I don't think it's an exaggeration to say that this little card has the potential to be one of the more powerful Commons in Eldritch Moon. It's a near reprint of Ghostly Flicker, which back in the day enabled some sick combos, including the ability to endlessly recur it with Archaeomancer and some other permanent with an advantageous 'enters the battlefield' effect. But even without such a combination, this card has the potential to be quite strong, allowing you to sidestep removal, escape from negative Auras, or just get double mileage out of any ability that activates upon summoning.

So just how many creatures are there in the format that have advantageous 'enters the battlefield' effects? Turns out, there's plenty - 81, to be exact. Looking to recur Auras? Try Auramancer or  Ironclad Slayer. Want to amass a bunch of tokens? Try Eyeless Watcher. Wanna get even more value out of your Allies? Now you can!
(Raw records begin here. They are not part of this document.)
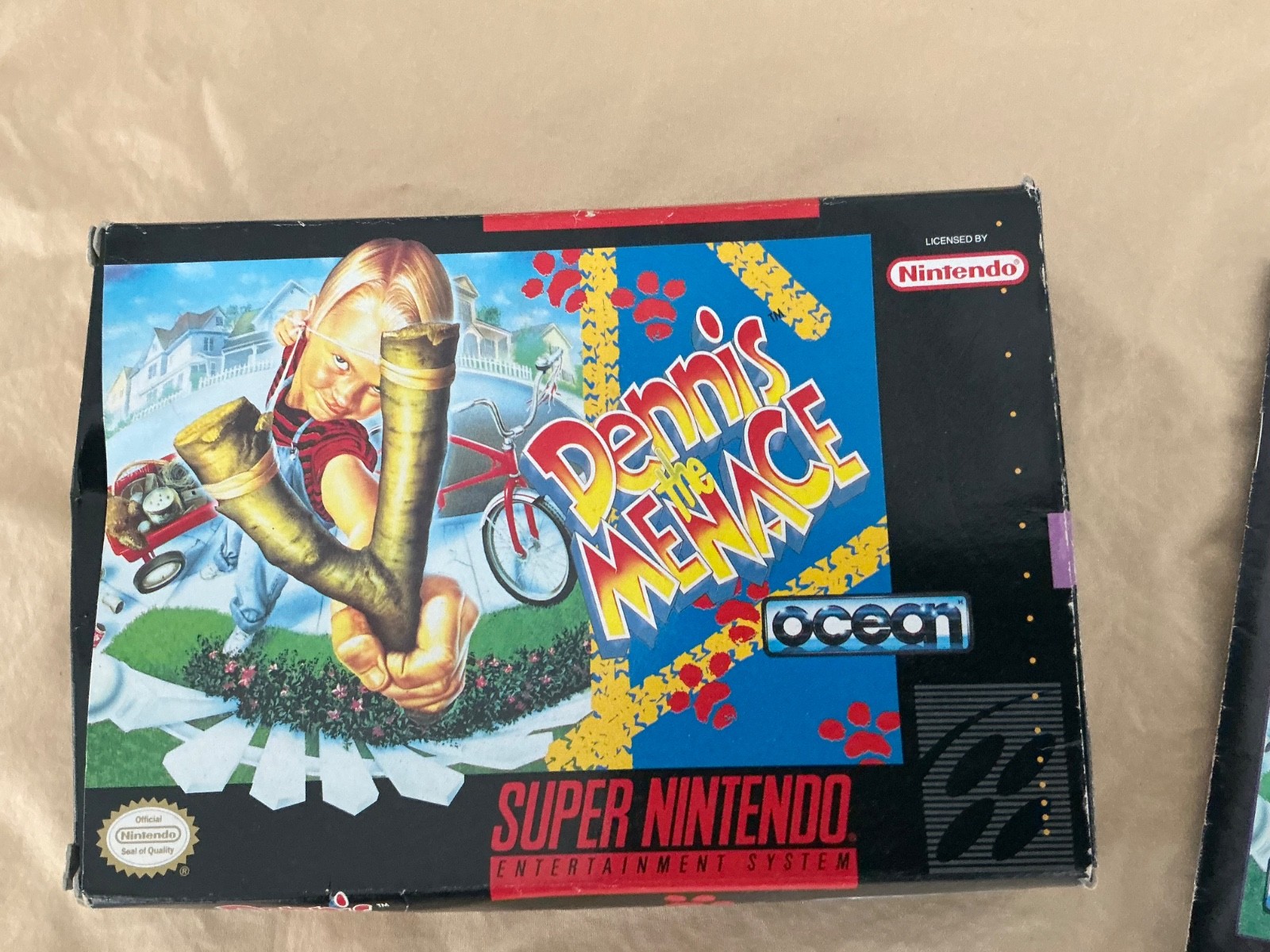 Dennis The Menace SNES Box and Manuel ONLY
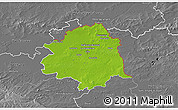 Physical 3D Map of Lille, desaturated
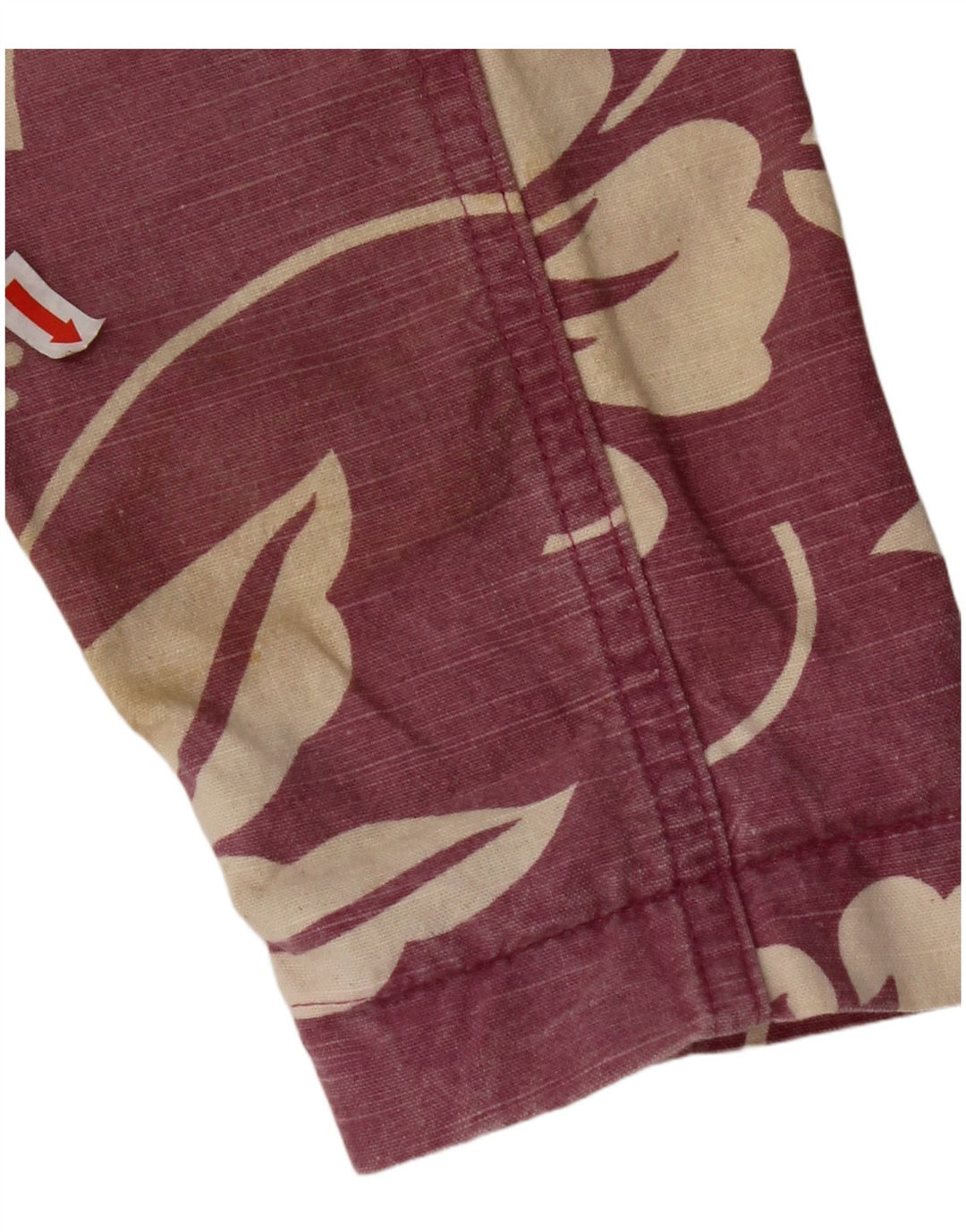 STREET ONE Womens Crop Jacket EU 36 Small Pink Floral Cotton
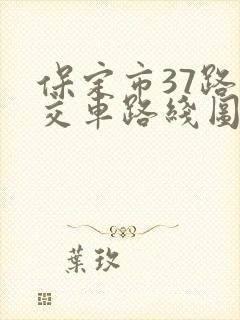 保定市37路公交车路线图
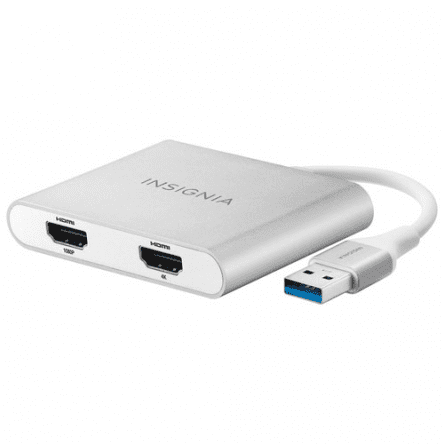 Adaptateur USB 3.0 vers deux ports HDMI 4K d’Insignia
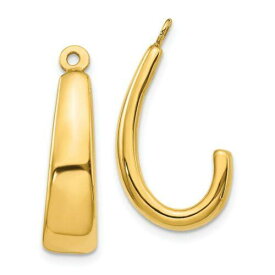 Jewelry 14k J Hoop Earring Jackets ユニセックス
Return multiple creatures from the Graveyard? Midnight Scavengers is the man for the job. Almost any strategy you're playing can be enhanced by successfully casting this card.

And while you can't actually pull off the same combo with it as you could with Archaeomancer, you can still use a 'turned face up' Monastery Loremaster to return Displace to your hand, allowing you to get even more value out of it.

However, it will be interesting to see if the Sultai Control deck which was so dominant last season will transform to make the best use out of Displace, since on the surface it doesn't have very many creatures that have a powerful ability when they enter the battlefield. Sure, you can draw another card off Elvish Visionary or another Land off of Pilgrim's Eye, but neither of those are particularly impressive. On the other hand, squeezing an additional Exploit off of Vulturous Aven seems quite strong, assuming you have the sacrifice outlet to support it.

In any case, there should be a great deal of strong combinations you can pull off with Displace, and I can't wait to see what some of our more innovative deckbuilders come up with!